Sementara itu, apabila tidak mengqadha puasa hingga Ramadhan tiba dikarenakan oleh beberapa kondisi yang diperbolehkan, maka orang tersebut tidak wajib mengqadha. Adapun kondisi yang diperbolehkan seperti karena bersafari (selalu dalam perjalanan) seperti pelaut, orang sakit hingga tiba Ramadhan berikutnya, orang yang menunda karena lupa, atau orang yang tidak tahu keharaman penundaan qadha (kecuali yang hidup membaur dengan ulama). Hukum ini telah dijelaskan oleh Imam Nawai Banten dalam Kasyifatus Saja (h. 114) yang berbunyi:

فخرج بالإمكان من استمر به السفر أو المرض حتى أتى رمضان آخر أو أخر لنسيان أو جهل بحرمة التأخير. وإن كان مخالطا للعلماء لخفاء ذلك لا بالفدية فلا يعذر لجهله بها نظير من علم حرمة التنحنح وجهل البطلان به. واعلم أن الفدية تتكر بتكرر السنين وتستقر في ذمة من لزمته.
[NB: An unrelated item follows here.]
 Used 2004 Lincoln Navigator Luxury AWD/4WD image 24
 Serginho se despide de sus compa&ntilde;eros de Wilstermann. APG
Artinya, “ Di luar kategori ‘memiliki kesempatan’ adalah orang yang senantiasa bersafari (seperti pelaut), orang sakit hingga Ramadhan berikutnya tiba, orang yang menunda karena lupa, atau orang yang tidak tahu keharaman penundaan qadha. Tetapi kalau ia hidup membaur dengan ulama karena samarnya masalah itu tanpa fidyah, maka ketidaktahuannya atas keharaman penundaan qadha bukan termasuk uzur.”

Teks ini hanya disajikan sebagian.